# [WORK REQUEST]
Give the whole listing below once more, exactly, without pictures.

┌─ DATASET EXCERPT

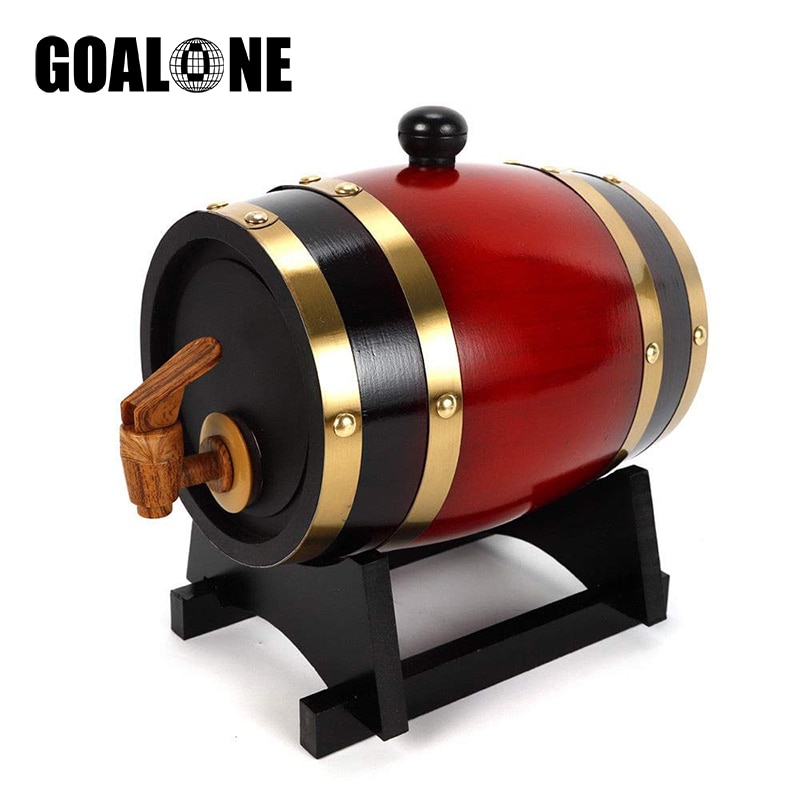 GOALONE 1,5/3L barril de madera Vintage equipo de elaboración de cerveza de roble Mini Keg Home, grifo para barril de cerveza, dispensador Para Ron Pot Whisky vino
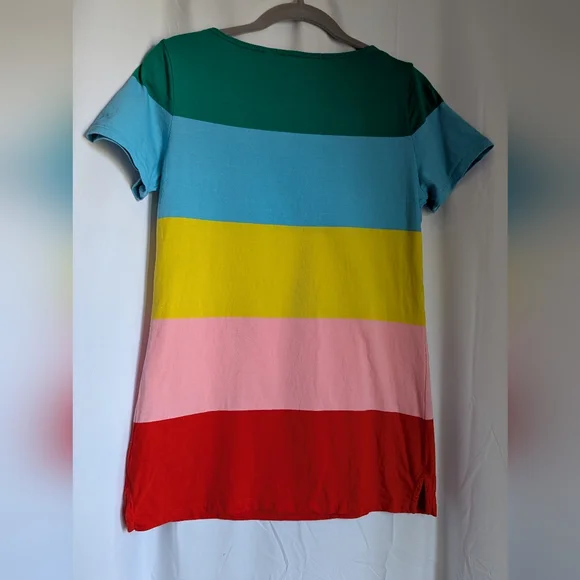 Boden Rainbow Striped Colorblock T-Shirt Short Sleeve 100% Cotton - Picture 8 of 11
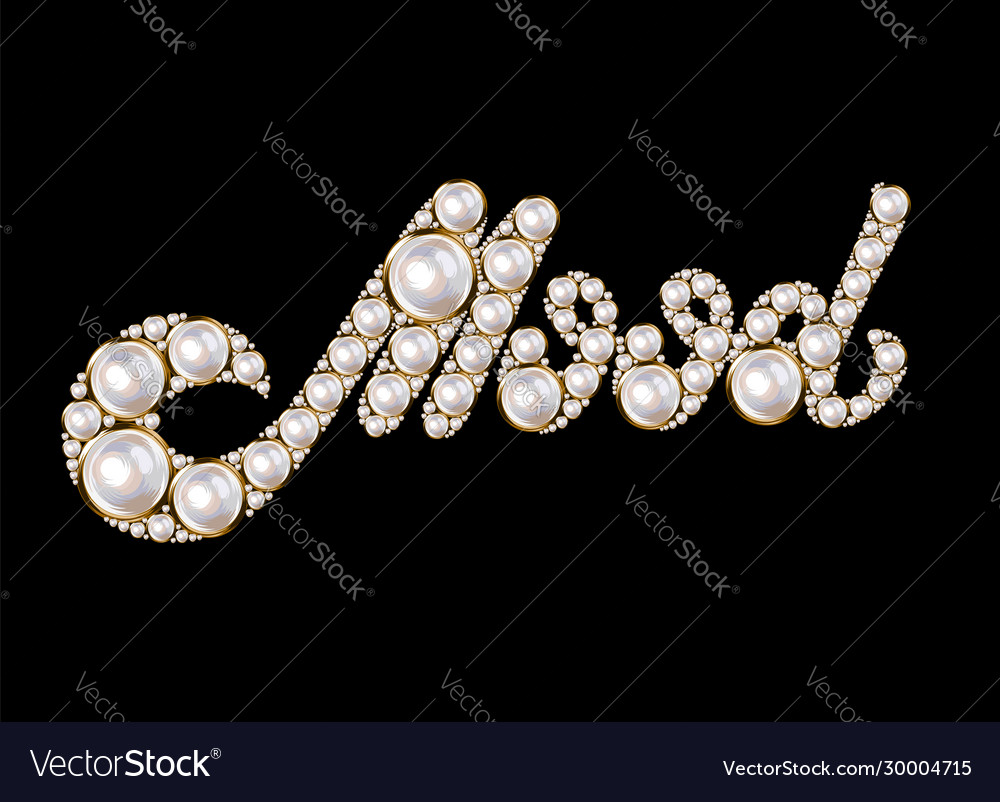 Mood hand drawn lettering pearls isolated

└─

# [SOLUTION TO THIS EXERCISE]
 GOALONE 1,5/3L barril de madera Vintage equipo de elaboración de cerveza de roble Mini Keg Home, grifo para barril de cerveza, dispensador Para Ron Pot Whisky vino
 Boden Rainbow Striped Colorblock T-Shirt Short Sleeve 100% Cotton - Picture 8 of 11
 Mood hand drawn lettering pearls isolated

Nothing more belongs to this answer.